そこで、ポストモダンERPは、クラウド・アプリケーションとの連携を前提とし、SOA(Service Oriented Architecture)に代表される疎結合型のソフトウェアのアーキテクチャを取り入れ、クラウドとオンプレミス(自社運用型)にまたがる複数のアプリケーション同士を柔軟につなげることで、カバーする機能の幅を広げつつ、新規開発や企業買収によって、最新機能の提供サイクルを短縮している。
「SOAやAPIによる疎結合化で、それまでタンカーのように巨大なスイートだったERP製品が、モーターボートのように動き回れる小型サービスの集合体に変わりつつあります。従来は、ERP導入を支援するSIベンダーやコンサルティング会社から、ERPの標準機能に合わせて業務を変えるべき、という説明を受けることも多かったと思います。しかし、疎結合なアーキテクチャと、ビジネスプロセス管理(BPM)ツールの融合によって、ユーザー企業各社のビジネスプロセスにソフトウェアが柔軟に合わせられるような世界が見えてきました。実のところ、これはベンダー側にとっても大きなチャレンジです。実現する機能が同じでも、中身は別物と言えます」(本好氏)
このようにERPのアーキテクチャが変わってきていることを背景に、ERP製品の昨今のメジャーバージョンアップは、新たな製品の導入に近いインパクトを与えるものもある。

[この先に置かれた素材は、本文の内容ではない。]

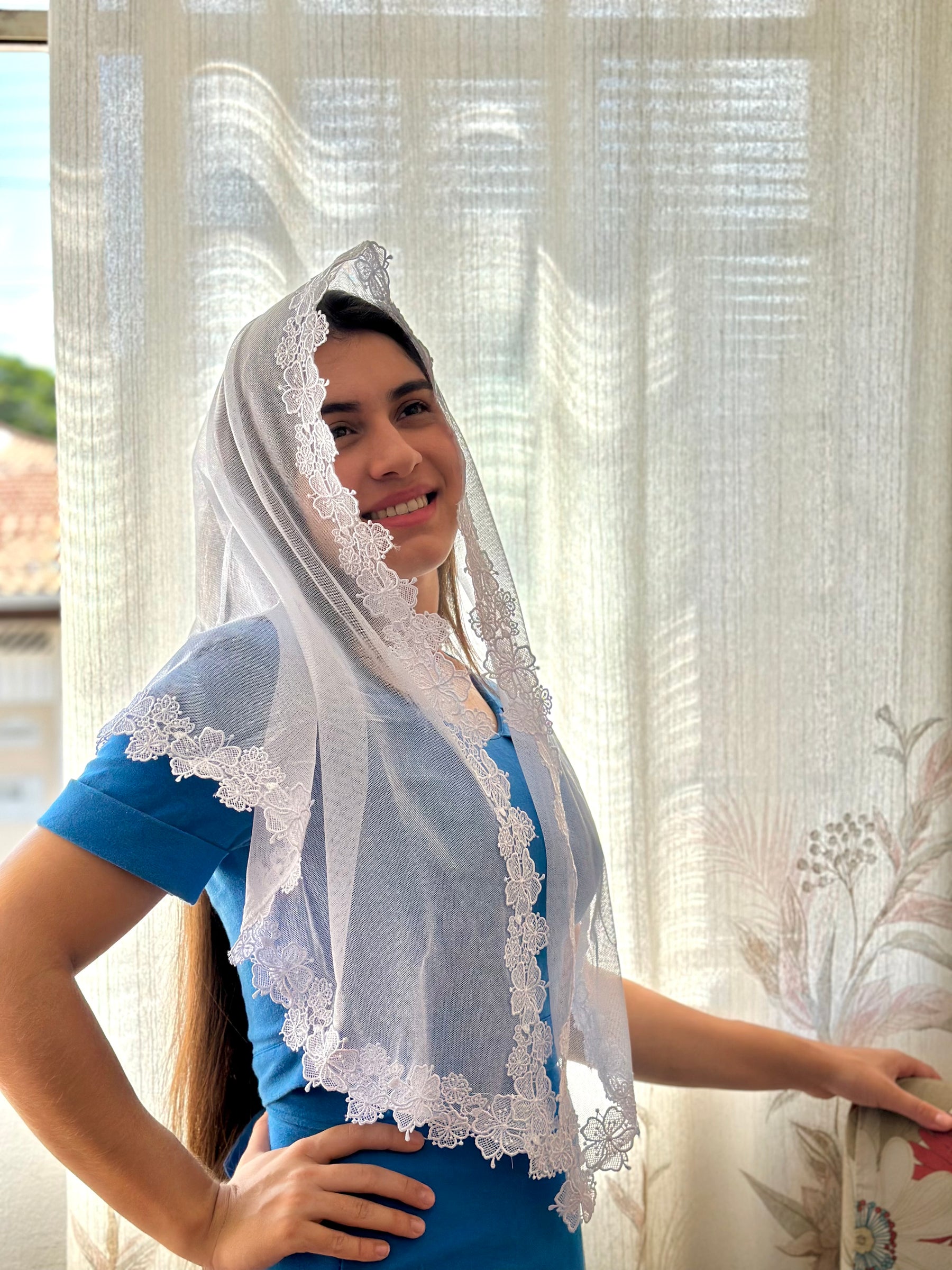 Véu CCB, em Guipir médio de flores - Esperança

しかし、ソースコードレベルのカスタマイズを大量に施したレガシーERPを運用していると、当然ながら、バージョンアップが難しく、そのままでは過去の資産を引き継ぐことができない。仮にバージョンアップができたとしても、膨大なカスタマイズとそれに伴うテストを繰り返さなければならなくなり、やはり相応のコストが生じてしまう。
「世界を見渡すと、ガートナーが定義する”Nexus of Forces (4つの力の強固な結びつき)”のトレンドはますます強まっています。すなわち、『クラウド』『モバイル』『ソーシャル』『インフォメーション』といった、まずコンシューマー分野で普及したIT技術がビジネス分野にも取り込まれ始めているという現象です。ERPにおいても、こうしたトレンドとは無縁ではなく、ベンダーが対応技術の開発や買収に大きな力を注いでいます。レガシーERPのまま安住しているのでは、こうしたコンシューマーITのメリットも享受できませんので、今後のERP導入・刷新の際にはベンダーの戦略やロードマップを評価する際の重要な視点として、留意したほうがよいでしょう」(本好氏)
モデル駆動、PaaS――ERPのトレンド
では、ERPにおける注目技術としては、どういったものがあるのか。
本好氏は、ガートナーのITマーケット・クロックを引用しながら、「モデル駆動型ERP」「PaaSベースERP」を挙げる。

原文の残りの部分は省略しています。